Wednesday, May 21, 2008

the column.

it's may. tomorrow will be six months of sobriety. et cetera--

"The Rest is Noise" is a great book: highly readable, very accessible and definitely not snobbishly academic. this book functions as all great music tomes should. the way it effortlessly weaves seemingly unconnected narratives keeps it interesting. "The Rest is Noise" is of course predominantly about 20th century classical music but the connections to other music genres are drawn and highlighted and some of the themes-tonality vs. atonality e.g.-make this book a worth while read for all lovers of music and serious headz alike. i am not a big fan of the new yorker either...

things are indeed not weird enough. not right now. but maybe i should leave the house? either way...

lately i have been thinking about "noise-rock" in general and Deerhunter in particular. summer of 2005 they were THE local support band for NY-based groups & other hip, small-capacity touring bands. basically their set would be 30 minutes of "feedback," which would slowly build and crescendo into the "Octet" disco-orgasm. i had experienced it so many times that i'd just watch the beginning unfold, go upstairs to the gay bar for a Budweiser and come back and they would still be doing that "wall-of-noise" build-up that would eventually come to irk and alienate so many bloggers and hipsters when "Cryptograms" broke. Me? i just chuckle at the thought of those types expecting some pretty ambient soundscapes (or at least some decent rock jamz?) and getting str8 noise. Ha Ha Ha. He He He. these are probably some of the same people that enjoy sigur ros or mum or like whatever they seems to listen to. explosions in the sky???

and yeah maybe i paid like $8 tops to see Deerhunter feedback. i miss those "halcyon" dayz...

Of course there are people who are going to pay like $225 to see My Bloody Valentine. i swear to God i wish that My Bloody Valentine would just do like an hour of nothing but feedback and that be the whole set and like a whole bunch of bloggers and hipsters rant about not hearing songs from "Loveless" or some other bullshit. Honestly, that is a highly over-rated bill to begin w/ and even with the assurrace that My Bloody Valentine was going to play both "Loveless" and "Isn't Anything" (which is of course my favorite album from that band) in their respective entireties, i still wouldn't go to that over-hyped, over-priced nothingness and plus i have a more or less life-long NYC ban anyway so yeah why am I "ranting?" tevs...

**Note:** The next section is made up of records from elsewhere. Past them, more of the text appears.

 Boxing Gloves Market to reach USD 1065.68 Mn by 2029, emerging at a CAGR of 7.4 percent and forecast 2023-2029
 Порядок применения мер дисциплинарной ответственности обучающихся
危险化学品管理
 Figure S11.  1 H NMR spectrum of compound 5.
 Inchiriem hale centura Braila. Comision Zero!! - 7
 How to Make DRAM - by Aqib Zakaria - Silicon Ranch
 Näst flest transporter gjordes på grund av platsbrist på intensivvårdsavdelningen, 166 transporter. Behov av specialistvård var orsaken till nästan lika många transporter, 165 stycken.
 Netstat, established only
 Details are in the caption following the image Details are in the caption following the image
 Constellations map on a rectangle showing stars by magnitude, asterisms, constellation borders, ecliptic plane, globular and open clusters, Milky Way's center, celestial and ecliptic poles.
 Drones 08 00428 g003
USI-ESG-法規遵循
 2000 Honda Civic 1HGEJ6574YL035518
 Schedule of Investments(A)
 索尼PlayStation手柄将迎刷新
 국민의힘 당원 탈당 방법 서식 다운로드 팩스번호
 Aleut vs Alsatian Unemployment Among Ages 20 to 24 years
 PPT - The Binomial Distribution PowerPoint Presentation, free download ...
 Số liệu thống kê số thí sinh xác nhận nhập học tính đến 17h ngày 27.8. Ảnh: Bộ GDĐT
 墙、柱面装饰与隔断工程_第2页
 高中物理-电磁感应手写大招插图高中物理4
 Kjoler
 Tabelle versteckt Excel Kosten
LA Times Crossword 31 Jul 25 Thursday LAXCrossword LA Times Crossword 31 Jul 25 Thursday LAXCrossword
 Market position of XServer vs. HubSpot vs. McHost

i like the Cocteau Twins anyway. someone call me when that band reforms.

anyway. \i fret over the fact that i only have one Noise LP and one Noise 7" but when you got one Noise record you basically got them all. right? maybe there is a Einsturzende Neubaten LP somewhere in the crates but i am not sure. (and I am not sure if it is any good.) lately i have been looking for Noise in atypical places like Techno or Rock or where-ever. i like to call it "truffle hunting," but it is what it is. of course my definition of Noise is extremely broad and diverse and "all-encompassing" so it makes my quest much much easier. soon enough i will go back to buying cassette tapes and 3 inch CD-R's and such of artists whom probably would be lost w/o a distortion pedal somewhere in their pedaljamarsenal, but alas...

oh yeah and here, (my favorite place to waste time, or at least it was...) a brief discussion of what season noise music sounds best in. or something like that. I say noise sounds best in the winter, but then again i first heard Merbow during Thanksgiving and that is when noise really started clicking for me so perhaps therein lies the reason why i prefer it during the winter but really for me noise just sounds more "visceral" during the colder months. just my opinion though. i have an asshole too but right now its' really really itchy.

so yeah. if you are not wallowing in boredom or you are doing interesting stuff or you spot any new "trends" or if you're having interesting sex or you saw somebody get shot or if you have a really nasty drug problem or you dropped out of college or if a pretty girl smiled at you today or perhaps maybe you recorded an interesting demo or if the month of may has been treating you inordinately well or something or just anything you figure to be worthwhile piques your fancy, send me an email or write me or something...

(oh yeah i saw Gridlock'd on basic cable last saturday nite and that really is a good movie. Ossian was right. Its kind of Kafkaesque, like "The Trial" or something, at least bureaucracy-wise. Seems like it was shot in Canada, like Vancouver or something??? But yeah, its a good movie...)

Sunday, May 18, 2008

acid mothers temple - "nam myo ho ren ge kyo." (ace fu) [CD]

Absolute boredom. Maybe depression. Unemployment rut. Complete sobriety. Certain Isolation. Food stamps. The Carpenters. Et Cetera...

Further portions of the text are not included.